__Assignment__:
Within the records, tally the lines that contain "Accessories" and reply with that number only.

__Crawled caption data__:
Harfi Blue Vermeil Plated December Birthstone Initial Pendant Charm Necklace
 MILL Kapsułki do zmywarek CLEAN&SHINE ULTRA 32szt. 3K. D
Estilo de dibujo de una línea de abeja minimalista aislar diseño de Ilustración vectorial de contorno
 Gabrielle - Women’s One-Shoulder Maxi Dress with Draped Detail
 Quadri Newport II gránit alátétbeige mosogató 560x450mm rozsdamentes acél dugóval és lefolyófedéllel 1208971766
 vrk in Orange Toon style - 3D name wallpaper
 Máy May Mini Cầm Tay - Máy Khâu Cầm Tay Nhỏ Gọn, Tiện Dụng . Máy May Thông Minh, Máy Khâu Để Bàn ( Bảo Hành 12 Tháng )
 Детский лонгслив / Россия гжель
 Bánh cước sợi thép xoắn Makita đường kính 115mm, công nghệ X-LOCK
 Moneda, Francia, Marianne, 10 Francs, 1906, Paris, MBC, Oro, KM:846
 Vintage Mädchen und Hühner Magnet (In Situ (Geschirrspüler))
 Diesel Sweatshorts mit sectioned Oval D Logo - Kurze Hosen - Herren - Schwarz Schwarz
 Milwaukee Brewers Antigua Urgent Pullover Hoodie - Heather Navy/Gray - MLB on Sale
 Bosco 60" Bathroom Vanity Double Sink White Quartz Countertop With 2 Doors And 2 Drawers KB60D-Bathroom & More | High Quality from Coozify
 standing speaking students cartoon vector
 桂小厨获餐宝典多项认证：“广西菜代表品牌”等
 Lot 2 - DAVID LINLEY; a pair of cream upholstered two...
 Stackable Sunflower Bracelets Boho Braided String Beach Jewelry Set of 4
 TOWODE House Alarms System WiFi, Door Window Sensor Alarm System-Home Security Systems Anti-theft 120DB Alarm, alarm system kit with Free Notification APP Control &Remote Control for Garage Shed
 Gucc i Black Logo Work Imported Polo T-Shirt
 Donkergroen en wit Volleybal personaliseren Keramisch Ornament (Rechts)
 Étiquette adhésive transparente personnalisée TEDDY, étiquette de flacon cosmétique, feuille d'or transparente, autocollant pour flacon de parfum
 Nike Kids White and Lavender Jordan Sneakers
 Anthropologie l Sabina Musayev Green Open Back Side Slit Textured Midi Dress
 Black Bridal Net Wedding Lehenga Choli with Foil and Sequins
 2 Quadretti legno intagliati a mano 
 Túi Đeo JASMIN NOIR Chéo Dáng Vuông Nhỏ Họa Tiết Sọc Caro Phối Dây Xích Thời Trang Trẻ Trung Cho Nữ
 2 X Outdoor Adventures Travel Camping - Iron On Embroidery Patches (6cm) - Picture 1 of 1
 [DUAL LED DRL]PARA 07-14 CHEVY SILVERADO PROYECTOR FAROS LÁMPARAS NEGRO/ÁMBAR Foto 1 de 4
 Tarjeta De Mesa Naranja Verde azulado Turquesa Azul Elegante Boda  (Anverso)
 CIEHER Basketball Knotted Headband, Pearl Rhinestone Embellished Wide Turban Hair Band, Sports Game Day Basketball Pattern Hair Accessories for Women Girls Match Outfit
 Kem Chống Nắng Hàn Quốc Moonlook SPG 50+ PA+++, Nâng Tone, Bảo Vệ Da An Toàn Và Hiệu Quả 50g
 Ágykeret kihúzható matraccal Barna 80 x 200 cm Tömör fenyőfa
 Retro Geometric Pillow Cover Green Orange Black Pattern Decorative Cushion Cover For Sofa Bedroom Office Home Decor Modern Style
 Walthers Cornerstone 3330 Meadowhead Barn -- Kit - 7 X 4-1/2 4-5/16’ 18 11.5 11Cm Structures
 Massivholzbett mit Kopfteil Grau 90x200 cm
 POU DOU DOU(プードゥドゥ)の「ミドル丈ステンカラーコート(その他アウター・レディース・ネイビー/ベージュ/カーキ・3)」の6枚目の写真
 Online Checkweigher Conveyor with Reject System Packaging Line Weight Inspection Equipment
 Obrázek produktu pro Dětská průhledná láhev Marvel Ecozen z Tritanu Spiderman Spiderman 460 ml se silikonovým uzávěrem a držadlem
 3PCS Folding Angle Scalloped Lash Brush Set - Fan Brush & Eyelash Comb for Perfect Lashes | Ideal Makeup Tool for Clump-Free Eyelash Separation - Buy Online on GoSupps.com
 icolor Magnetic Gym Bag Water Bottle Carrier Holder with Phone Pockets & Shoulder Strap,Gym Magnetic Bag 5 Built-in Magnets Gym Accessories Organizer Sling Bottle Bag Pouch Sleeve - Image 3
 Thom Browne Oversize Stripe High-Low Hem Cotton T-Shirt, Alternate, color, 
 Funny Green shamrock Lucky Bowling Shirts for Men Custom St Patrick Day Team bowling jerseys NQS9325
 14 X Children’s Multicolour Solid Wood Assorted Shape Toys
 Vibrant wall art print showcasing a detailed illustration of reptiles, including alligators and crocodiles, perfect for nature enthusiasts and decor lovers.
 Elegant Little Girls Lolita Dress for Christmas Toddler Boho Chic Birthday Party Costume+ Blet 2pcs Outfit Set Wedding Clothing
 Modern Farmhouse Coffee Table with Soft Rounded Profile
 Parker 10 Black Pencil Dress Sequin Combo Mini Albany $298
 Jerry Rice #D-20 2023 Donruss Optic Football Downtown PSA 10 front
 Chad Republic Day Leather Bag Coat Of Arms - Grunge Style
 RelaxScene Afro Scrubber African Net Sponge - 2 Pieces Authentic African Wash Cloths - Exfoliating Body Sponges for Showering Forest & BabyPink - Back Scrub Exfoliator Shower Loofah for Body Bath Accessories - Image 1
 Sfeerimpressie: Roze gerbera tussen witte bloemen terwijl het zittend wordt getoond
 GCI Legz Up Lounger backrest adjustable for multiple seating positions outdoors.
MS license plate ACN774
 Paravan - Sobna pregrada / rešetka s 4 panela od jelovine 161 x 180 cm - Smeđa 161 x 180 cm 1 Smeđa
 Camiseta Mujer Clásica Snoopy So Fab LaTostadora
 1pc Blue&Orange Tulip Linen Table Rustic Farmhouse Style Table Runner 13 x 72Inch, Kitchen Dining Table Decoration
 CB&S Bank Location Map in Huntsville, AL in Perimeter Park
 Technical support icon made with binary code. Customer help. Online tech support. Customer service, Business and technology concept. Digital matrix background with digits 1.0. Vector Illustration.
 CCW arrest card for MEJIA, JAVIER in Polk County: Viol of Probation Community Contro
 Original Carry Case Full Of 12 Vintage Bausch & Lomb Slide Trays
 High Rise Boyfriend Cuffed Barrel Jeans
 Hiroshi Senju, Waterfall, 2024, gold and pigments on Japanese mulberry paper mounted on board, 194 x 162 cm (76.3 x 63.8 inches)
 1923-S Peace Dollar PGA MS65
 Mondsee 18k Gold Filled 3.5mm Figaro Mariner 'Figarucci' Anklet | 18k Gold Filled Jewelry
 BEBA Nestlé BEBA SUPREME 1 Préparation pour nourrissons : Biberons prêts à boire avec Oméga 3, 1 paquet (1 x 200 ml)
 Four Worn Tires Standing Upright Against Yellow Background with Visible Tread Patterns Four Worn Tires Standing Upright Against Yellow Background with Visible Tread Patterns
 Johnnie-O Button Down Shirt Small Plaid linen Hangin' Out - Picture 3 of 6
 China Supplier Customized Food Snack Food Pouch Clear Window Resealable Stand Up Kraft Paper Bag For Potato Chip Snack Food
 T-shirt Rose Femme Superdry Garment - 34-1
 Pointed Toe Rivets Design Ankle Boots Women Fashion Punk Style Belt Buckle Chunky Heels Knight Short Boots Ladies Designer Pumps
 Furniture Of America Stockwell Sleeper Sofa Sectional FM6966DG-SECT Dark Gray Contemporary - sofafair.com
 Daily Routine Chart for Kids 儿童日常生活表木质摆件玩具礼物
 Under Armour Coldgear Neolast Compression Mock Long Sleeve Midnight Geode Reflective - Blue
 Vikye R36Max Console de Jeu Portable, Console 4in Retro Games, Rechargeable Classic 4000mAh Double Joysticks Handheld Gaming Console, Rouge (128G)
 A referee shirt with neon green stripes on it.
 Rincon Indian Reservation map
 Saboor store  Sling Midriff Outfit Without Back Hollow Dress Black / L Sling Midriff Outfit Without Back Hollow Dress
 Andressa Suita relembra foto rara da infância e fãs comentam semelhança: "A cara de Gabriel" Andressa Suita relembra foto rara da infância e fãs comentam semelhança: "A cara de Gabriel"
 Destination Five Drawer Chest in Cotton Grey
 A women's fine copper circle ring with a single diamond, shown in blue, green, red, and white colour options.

__Exercise output__:
3